Ни у кого, наверное, не вызовет возражений тот факт, что первопричиной поражения освободительной борьбы 1917—1921 годов стала политическая позиция Украинской Центральной Рады (точнее, бесплодные попытки ее внятно озвучить) как раз в смутном 1917 году. Потерянное время — так можно назвать эти десять месяцев после Февральской революции в империи Романовых. Они вобрали и два судьбоносных для Украины месяца после призрачной еще победы большевиков вследствие переворота в далеком Петрограде.
От принятия Первого Универсала Украинской Центральной Рады (23 июня 1917 года) до Четвертого (22 января 1918 года), наконец-то «незалежницкого», — целая вечность. Странным событием можно назвать принятие Третьего Универсала УЦР 20 ноября (по новому стилю), то есть спустя две недели после выстрела «Авроры». Этот «ответ» УЦР, обладавшей реальными рычагами власти в Украине, но почему-то загонявшей себя в тупик эфемерного союза с большевиками, стал образчиком «капитуляции без боя»: «Однині Україна стає Народною Республікою.

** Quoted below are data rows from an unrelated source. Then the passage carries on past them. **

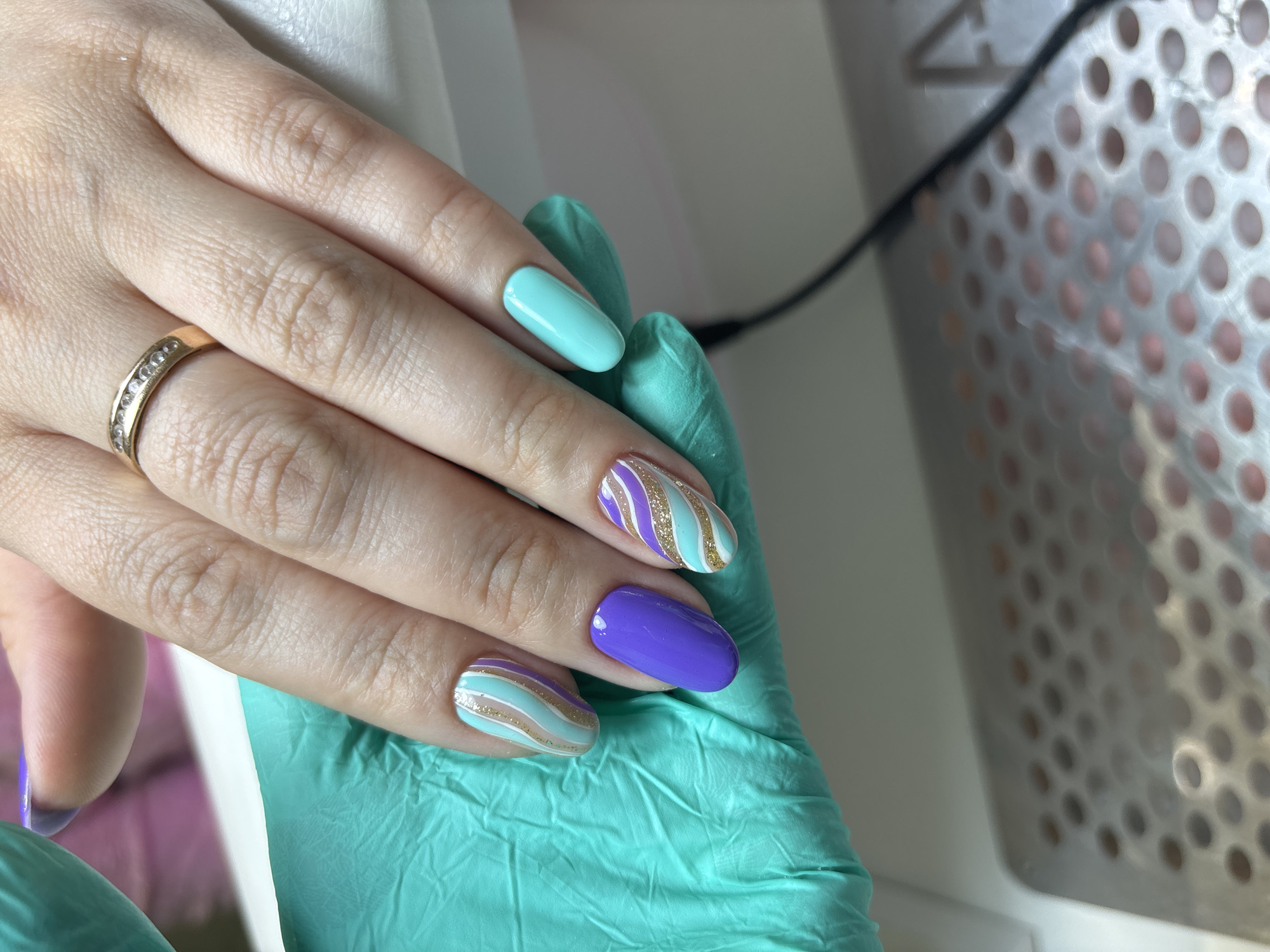 Manicured hand photographed with nitrile glove in rural Russia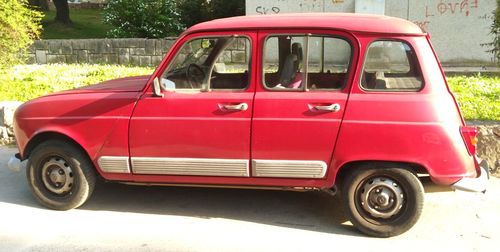 Red vintage car on road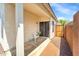 Covered back patio with a chair and gated access to the backyard at 2221 E Union Hills Dr # 148, Phoenix, AZ 85024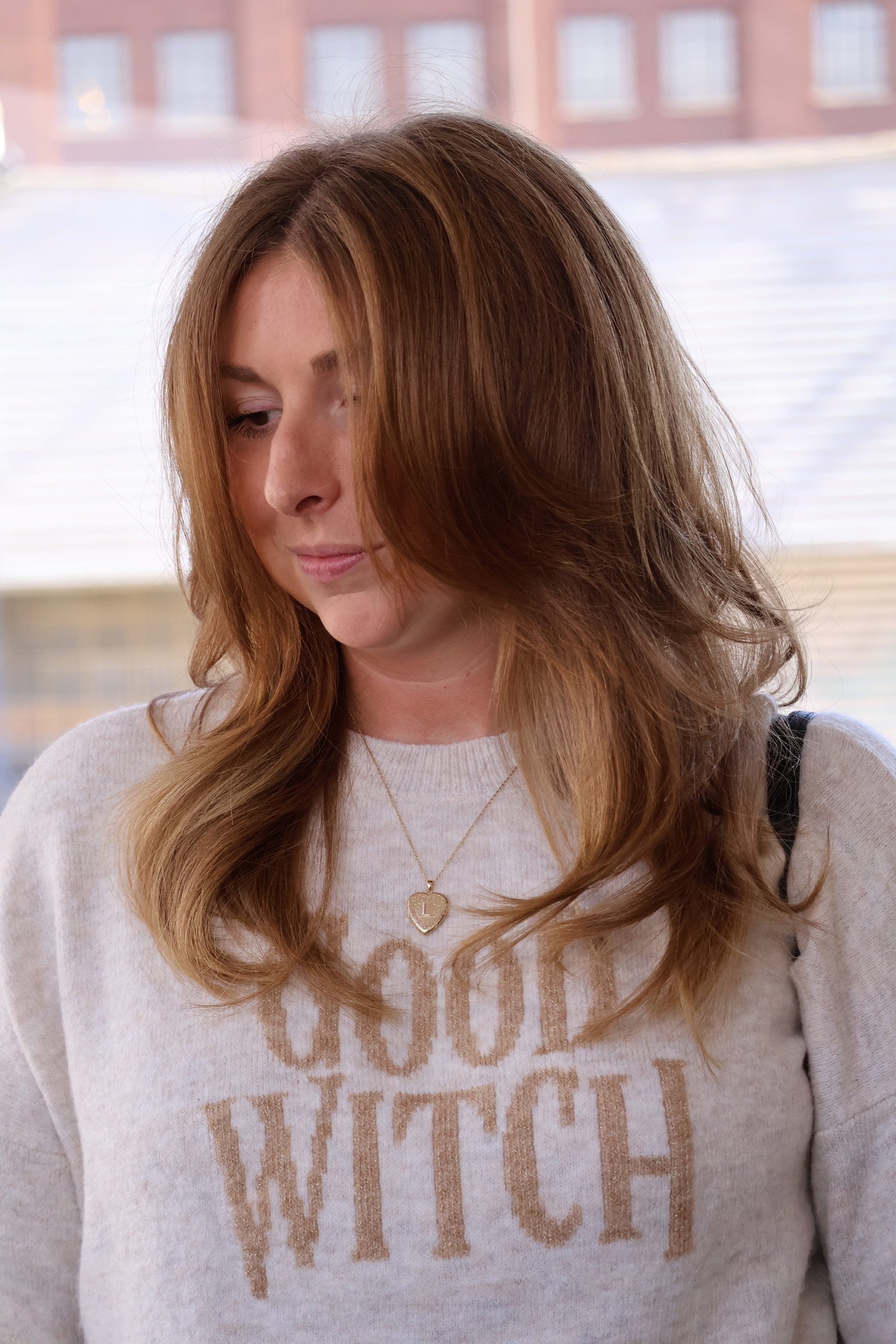 Long warm brown hair with soft layers, worn over a white printed sweatshirt.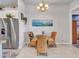 Charming dining area features wicker chairs, a glass table, and a view of the kitchen at 4241 N Pebble Creek Pkwy # 42, Goodyear, AZ 85395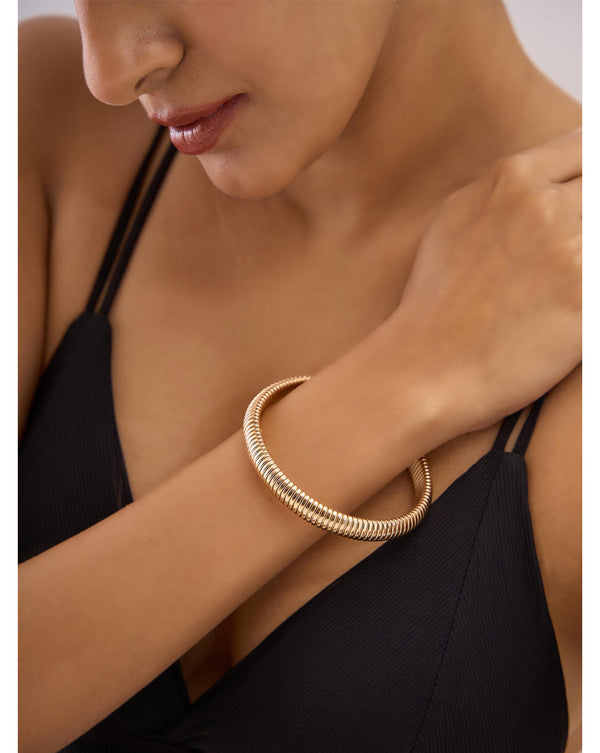 A person wearing a black dress and a gold coiled cuff bracelet with gold accents on their wrist.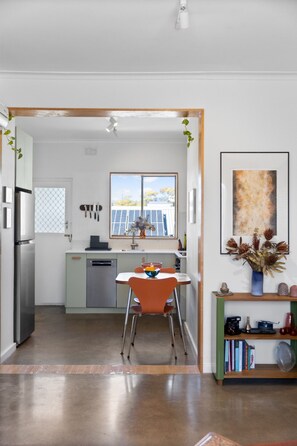 A modern kitchen with a dining area, a view of the outdoors, and a bookshelf with books and decorative items. - The Muse—Convenient City-Fringe Hideaway (Dulwich)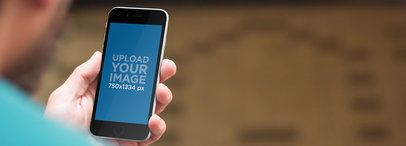 iPhone Mockup of a Guy Holding a Black iPhone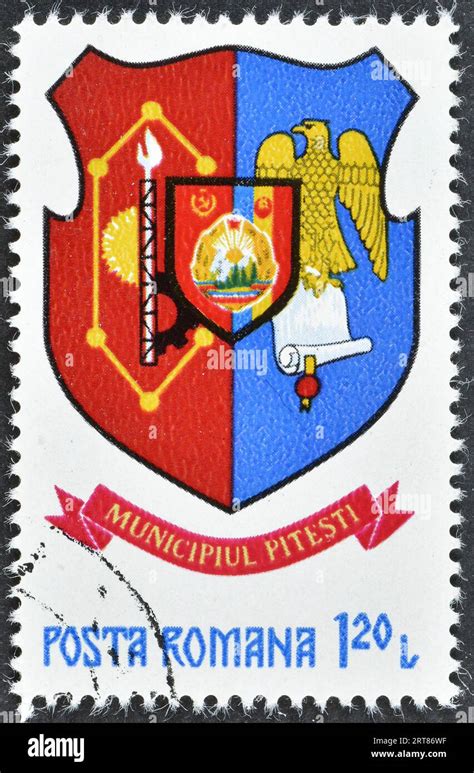 Cancelled Postage Stamp Printed By Romania That Shows Coat Of Arms Of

Не віддаляючись від Республіки Російської і зберігаючи єдність її, ми твердо станемо на нашій землі, щоб силами нашими допомогти всій Росії, щоб уся Республіка Російська стала федерацією рівних і вільних народів». Читаем весьма меткое замечание и у И.Нагаевского: «Центральна Рада своєю впертою політикою федерації з Москвою змарнувала дорогоцінних вісім місяців та велике піднесення народу творити свою власну державу».

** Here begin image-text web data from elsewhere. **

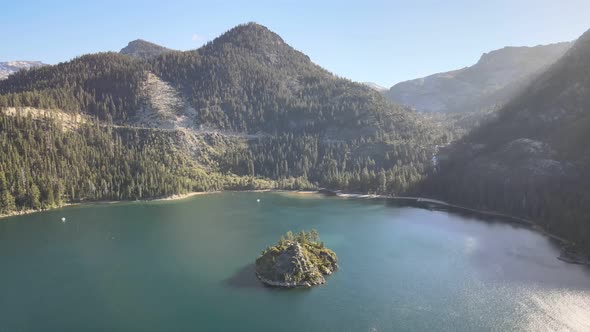 Drone shot flying backwards away from Fannette Island and Eagle falls. Granite Chief Wilderness in t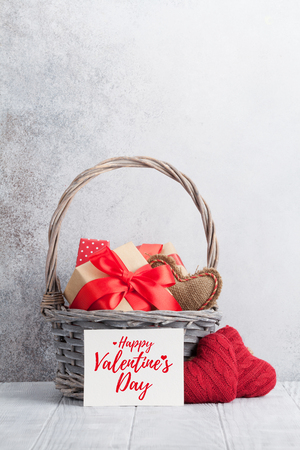 Valentine's day greeting card with gift boxes and knitted hearts in basket. With space for your greetingsの写真素材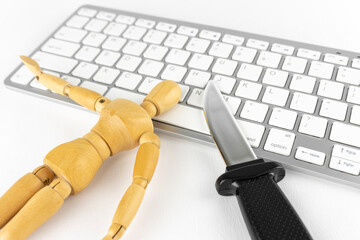 玩具のナイフとデッサン人形と、キーボード。犯罪予告のイメージ 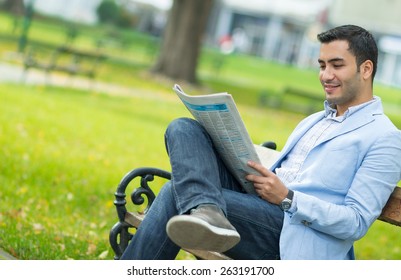 Handsome Young Man Enjoying And Reading Newspapers, Outdoor - Outside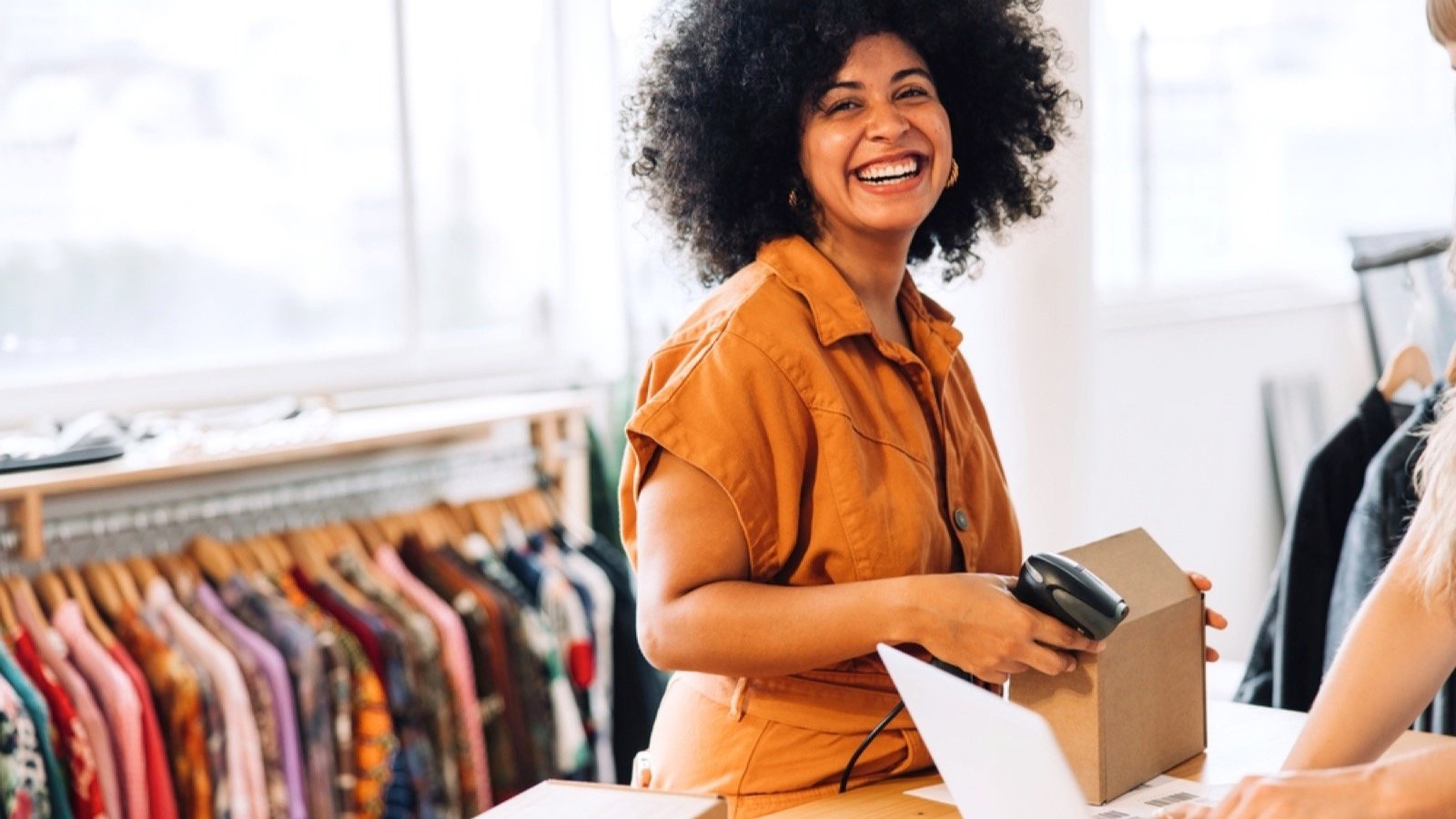 Woman running online thrift stores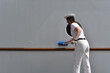 girl military sailor cadet washes the keel of the ship with a brush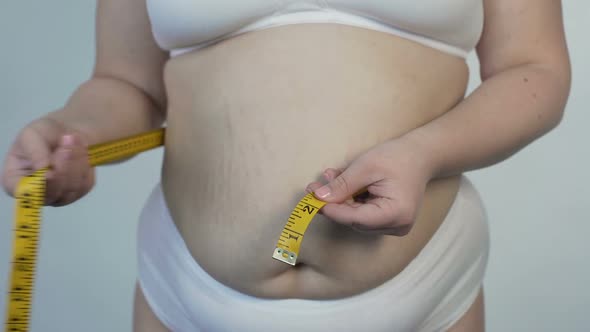 Inspired Woman Taking Stomach Measurements, Overweight and Dieting, Healthcare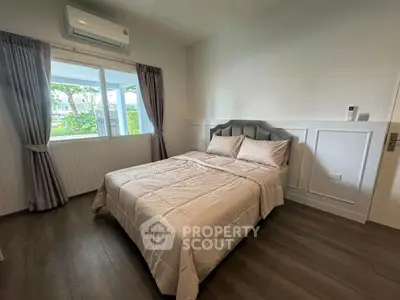 Cozy bedroom with elegant decor and large window offering garden view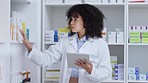 Pharmacy stocktake on tablet by pharmacist, medical and healthcare professional checking drugs, pills and medicine. Serious expert with afro counting over counter or prescription drugstore medication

Об этом «подъеме народа» и пораженческих, по крайне мере недальновидных, настроениях Центральной Рады пишет и Д.Донцов: «…тут було безконечне хитання між революцією та угодою, між політикою революційних жестів і таємних переговорів у передпокоях, при чім революцію ніколи не мислилося як національну, а переважно як соціяльну, що ще більше затирало границю між нашою та російською політикою… В нас не передбачали світового конфлікту, ні еволюції московського лібералізму в сторону імперіялізму, ні націоналістичного підкладу большевизму… будували політику не на схоплених тенденціях політичного розвою, а на політичних плітках, на заявах Савінкова або Раковського, приходячи від них у телячий захват».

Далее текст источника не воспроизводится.